What is wrong with this atv?

Purchased a new battery and hooked it up.

Atv starts and will run for three days.

Atv battery drains on the fourth day.

Voltage goes from 12.6 volts to 11.4 volts.

I was told that the alternator is bad.

John


----------



## Skinin&Grinin (Jul 27, 2010)

If its the same 110cc I bought for my son it does not have a alternator.


----------



## 440Mopar (Jul 27, 2010)

yep i bet the forgot to mention that ... buy a battery tender and hook it up at night or every other day they work great only about fifty bucks and can be hard wired in and use a plug like a trailer to hook it to the 110 v


----------



## chamoru4 (Jul 28, 2010)

*Atv Help*

Thanks for the information.

John


----------



## mattech (Jul 28, 2010)

Sounds like something is shorting or staying on, you should not have to charge a battery daily even if it does not have a generator. to prove this theory unplug the terminals when not in use. if you get more life out of the battery start trying to trace wires for for exposed areas and check all everything to make sure something is not staying on. I know what kind of atv you are talking about but have never worked on them. does it have a key, and if it does are you removing the key. I would not trust just turning to the off position.


----------



## polkhunt (Aug 8, 2010)

I have the same problem with my sons atv I put a quick disconnect on the neg term lead and he disc when he gets through riding problem solved. There is something in the elec system that runs batteries down.


----------



## rutandstrut (Aug 8, 2010)

A notice that a lot of the Chinese ATV's have an Alarm System built into them that puts a drain on the Battery. If you don't need the Alarm, try disconnecting it or put a quick disconnect on the Negative Terminal of the Battery to eliminate the drain on the Battery.


----------



## Craig Knight (Aug 11, 2010)

Skinin&Grinin said:


> If its the same 110cc I bought for my son it does not have a alternator.

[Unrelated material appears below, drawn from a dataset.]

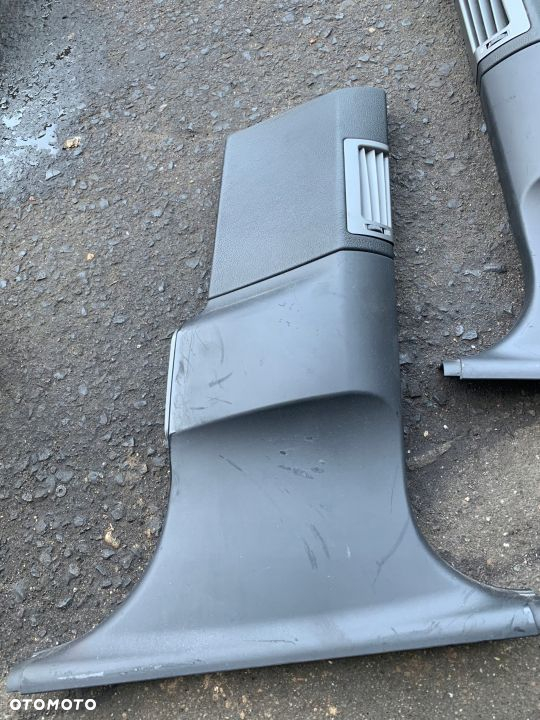 OSŁONY SŁUPKÓW KOMPLET CZARNE BMW E65 LIFT - 2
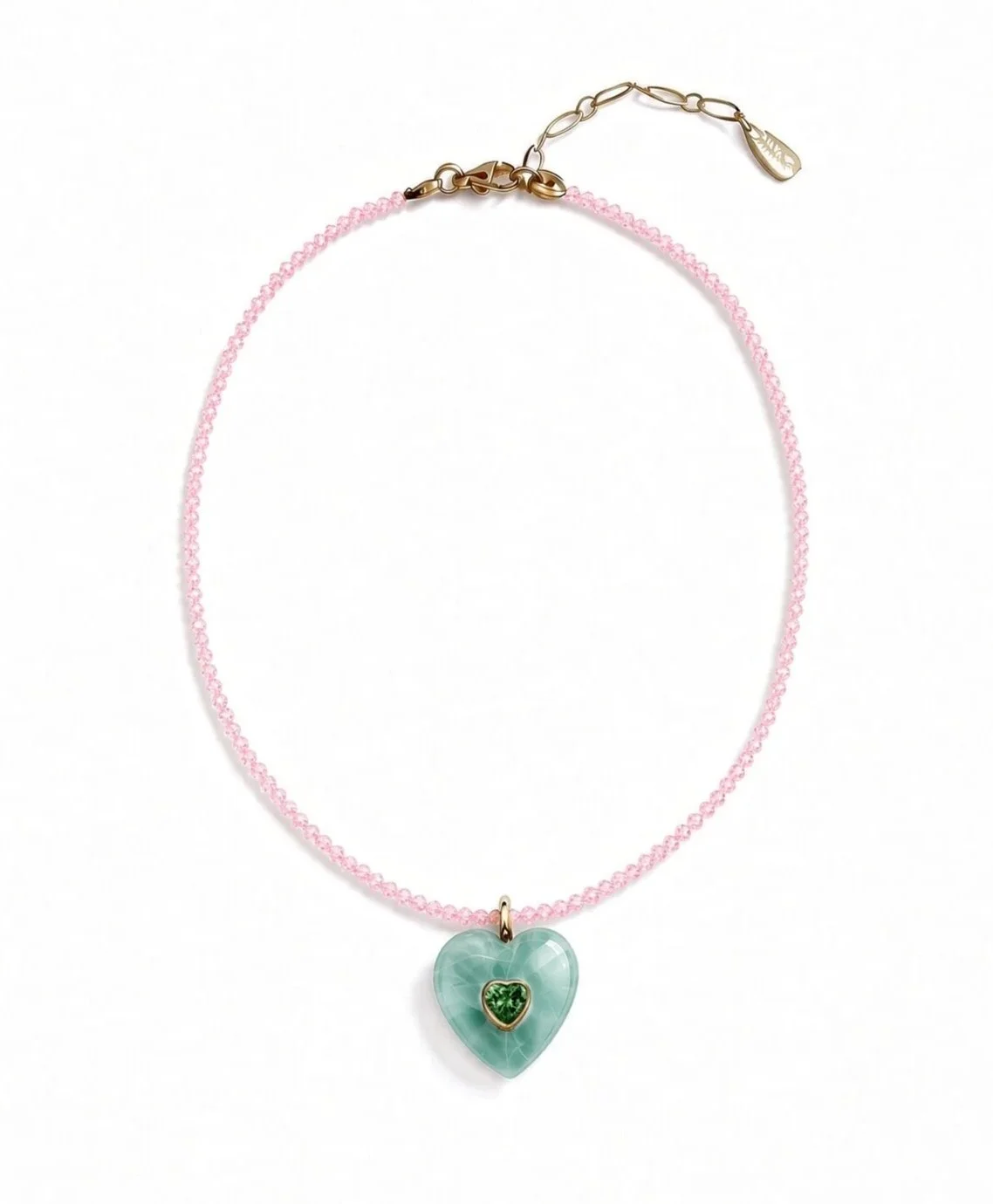 HEART CANDY NECKLACE • MORE COLORS!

My girls doesnt either. It has to be charged every 3-4 days.


----------



## packrat (Aug 11, 2010)

*china-bike*

These are known to have the voltage rectifier/regulator go bad and not charge the battery properly. Also if you put the wrong size battery in "some" of these, you will be buying other electrical parts.


----------



## DrewDennis (Oct 4, 2010)

They all have alternator/generators if they are electric start...I second packrat on the voltage regulator..  Try these guys for parts   http://www.buyatvsonline.com/electrical-parts-voltage-regulator-c-398_271.html


----------



## basspro2232 (Feb 15, 2011)

It was made in china, thats your problem


----------



## jcountry (Feb 16, 2011)

basspro2232 said:


> It was made in china, thats your problem



Yep.  But that problem can easily be corrected with a match and a couple of gallons of lighter fluid.


----------